El Villarreal se ha convertido en las últimas semanas en un equipo blandengue, sin identidad, sin intensidad defensiva, sin concentración, sin gen competitivo. Cualquier circunstancia adversa le descentra mucho más de lo que cabría esperar como normal. Es un equipo que fuera de casa no ofrece ninguna fiabilidad, que encaja goles con facilidad y es muy vulnerable.

Hoy se han concedido tres goles ante un equipo teóricamente inferior, del mismo modo que se hizo en Huesca, concediendo goles del mismo modo que lamentablemente hacemos casi siempre últimamente. 

No, no podemos ir a Huesca y conceder tres goles e inumerables situaciones, no podemos hoy ir a Pilsen a jugarnos la primera plaza del grupo y que nos metan tres goles. No, por más bajas y lesiones que tengamos y por más mal o bien regado que se encuentre el césped. No.

Jugándonos la primera plaza de grupo, hemos empezado una vez más con desidia, regalando la primera parte, regalando protagonismo a un rival que no se jugaba nada. En la segunda cuando ya era un poco tarde se ha reaccionado y cuando por fin se ha conseguido lo más difícil, que es ponerse por delante en el marcador, a los dos minutos regalamos el gol del empate defendiendo al rival a tres metros de distancia. Y hoy era el día en que el equipo salía mentalizado buscando un buen sorteo para 1/16 de final…

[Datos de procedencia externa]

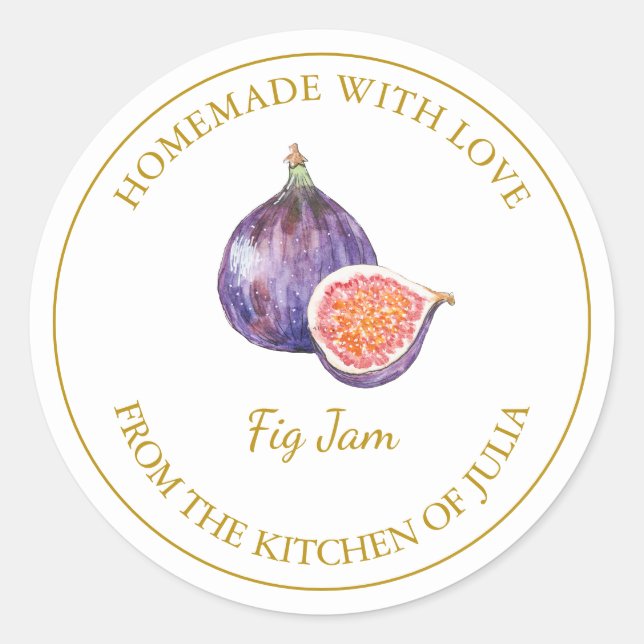 Goldhommade Fig-Jam-Label | weiß Runder Aufkleber (Vorderseite)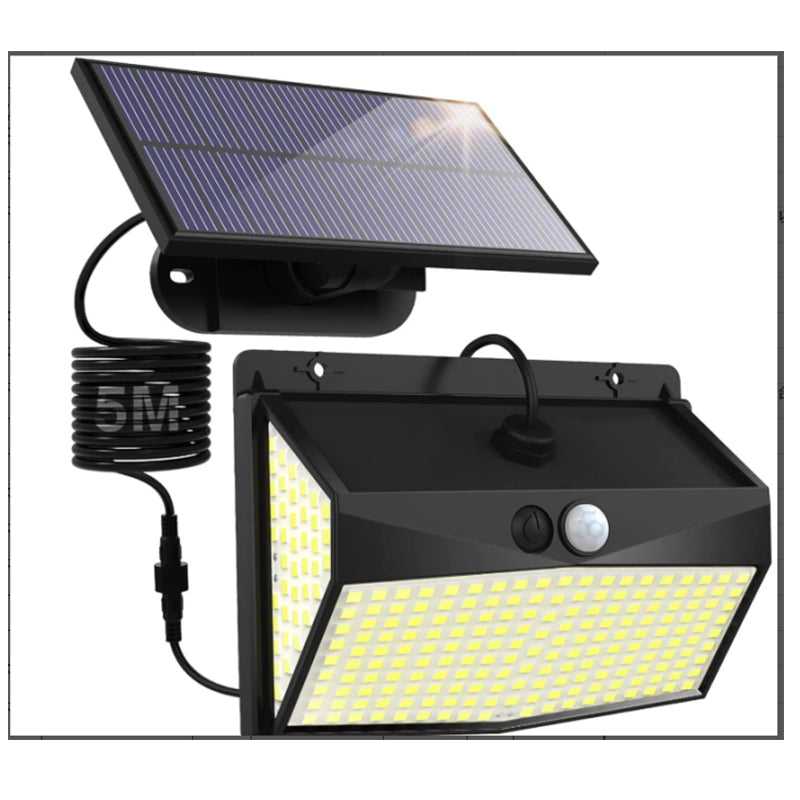 Aplique solar para exterior con sensores Negro 15,5*11*5,3cm, 318 LED, Luz blanca, Longitud del cable 5 metros, Sensor de luz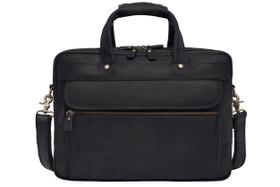 Maleta de couro Luxorro para homens com laptop de 17 polegadas preta Maleta de couro Luxorro para homens com laptop de 17 polegadas preta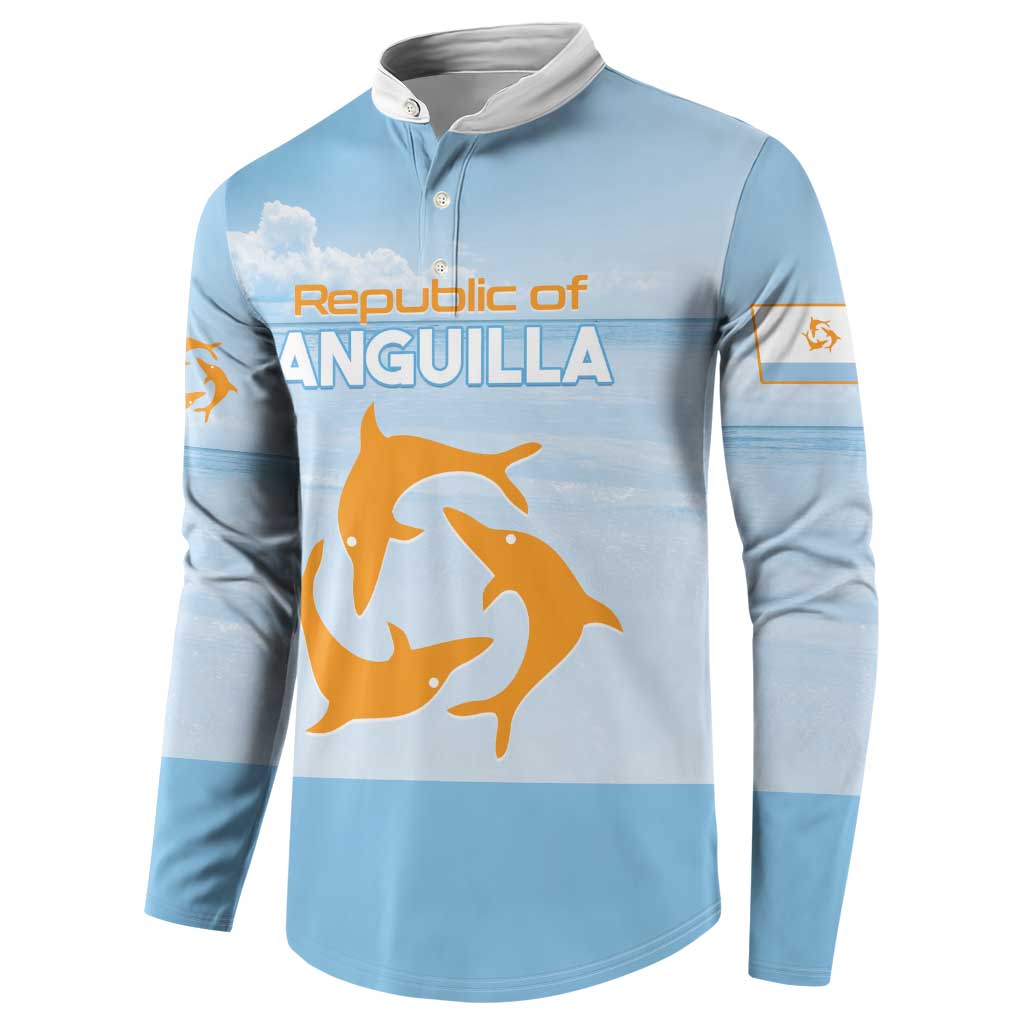Personalized Republic of Anguilla Button Sweatshirt Strength and Endurance - Wonder Print Shop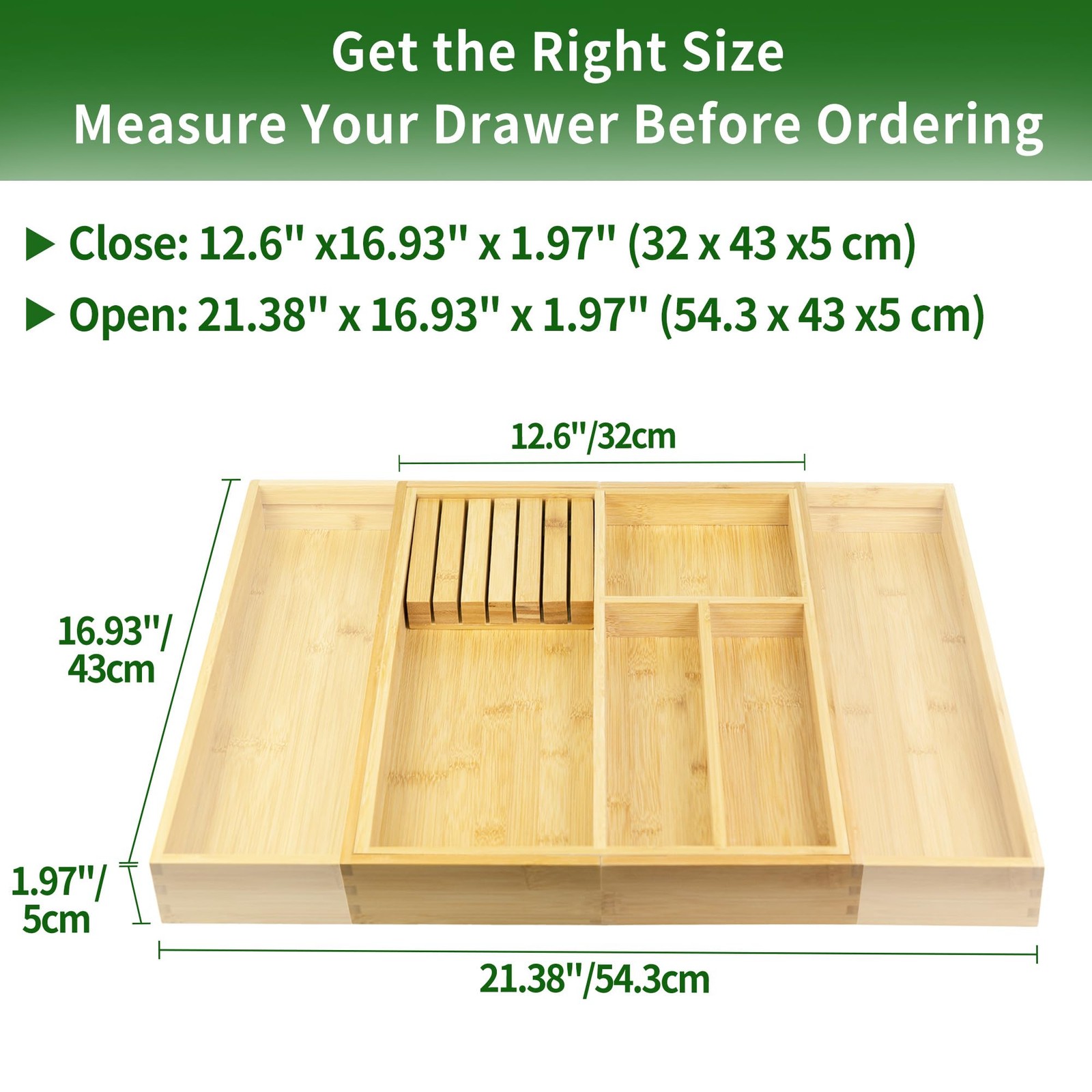 VaeFae Bamboo Silverware Drawer Organizer Kitchen, Expandable 6 Slot, Natural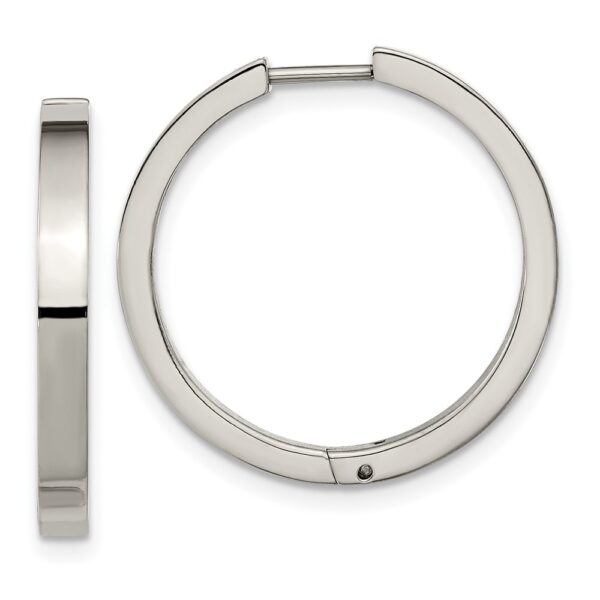 Titanium Polished 2.75mm Hinged Hoop Earrings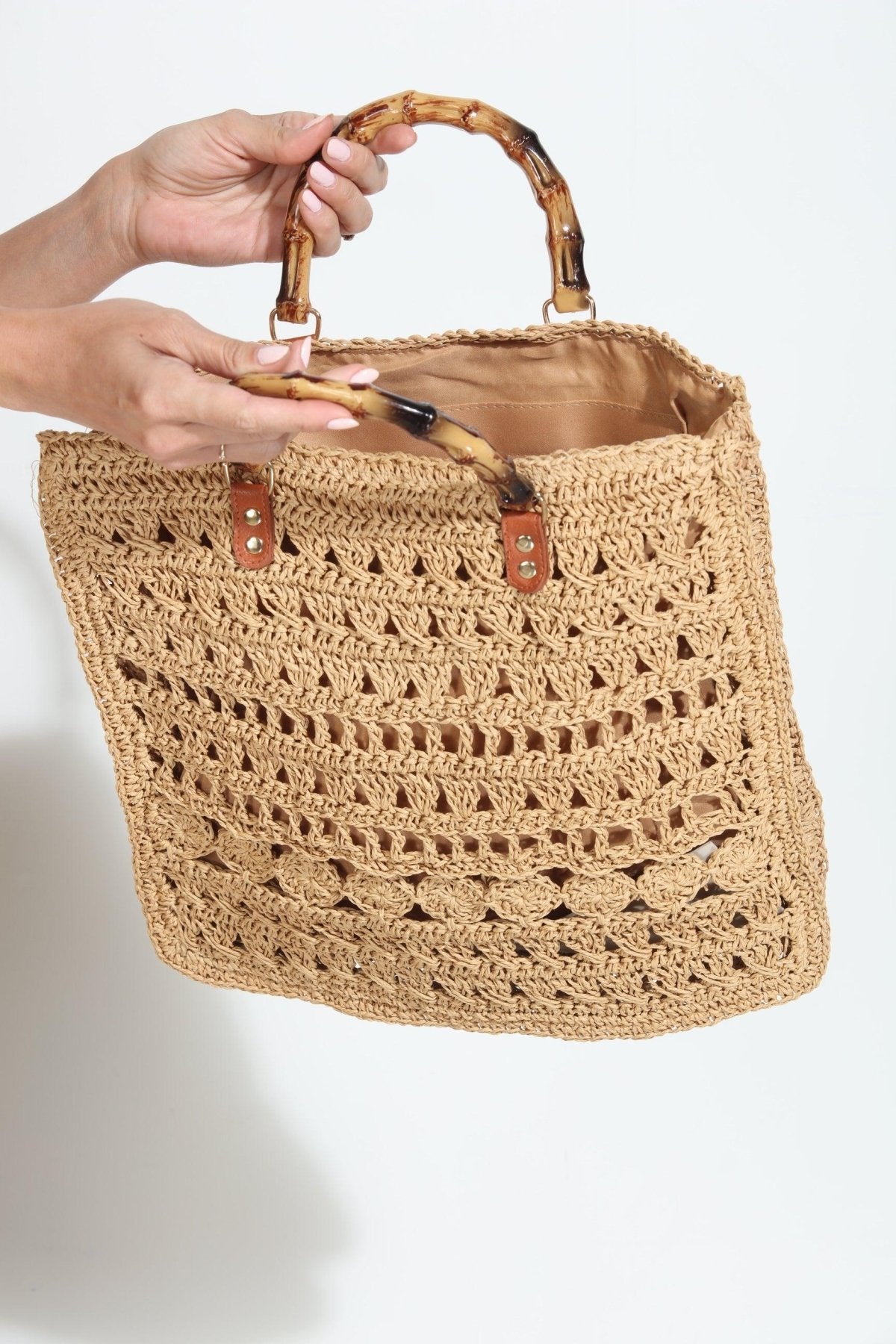 Marine Raffia Crochet Handbag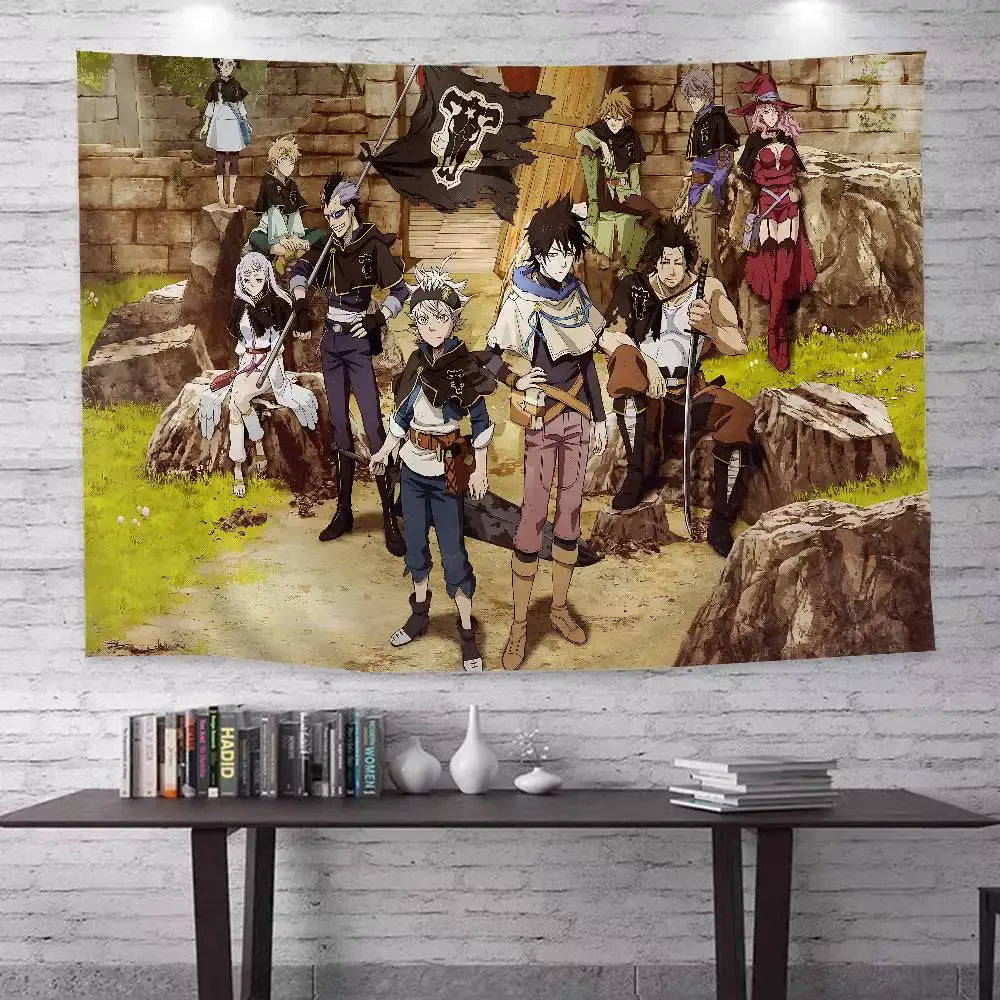 Black Clover asta bohemian tapestry wall hanging vibrant detailed anime characters on white brick wall
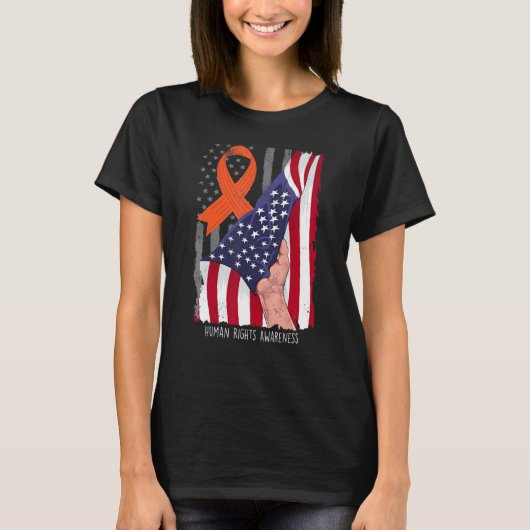 Human Rights Shirt Awareness American Flag Orange  (Voorkant)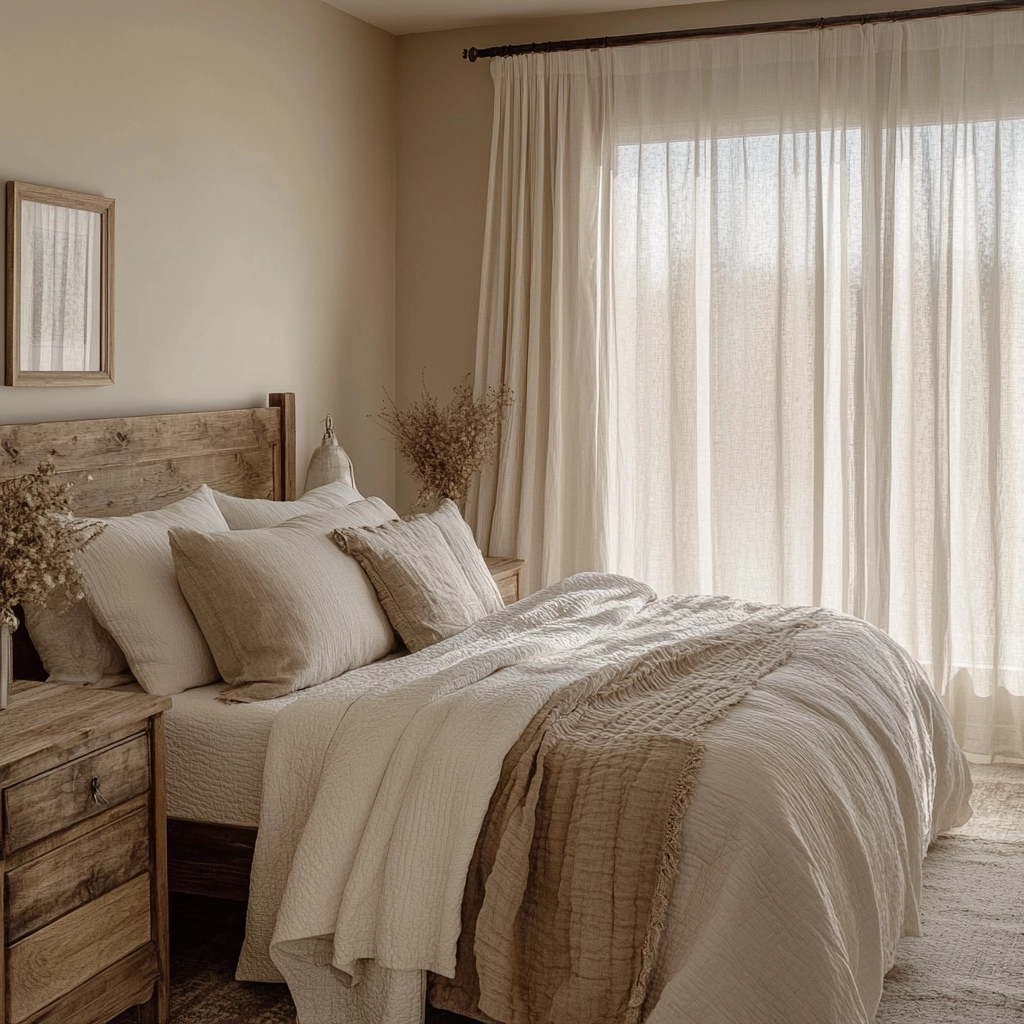 beige farmhouse bedroom 1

¿Cómo hemos llegado a esta situación? Pues no lo sé. Marcelino hoy mismo en rueda de prensa lanzaba un mensaje de culpa a los jugadores, alguna parte del delito, supongo que también le tocará a el. Lo que está sobradamente claro es que entre todos hay que reconducir la situación, ahora que se está en el plano deportivo a tiempo de todo y la situación en liga todavía es buena.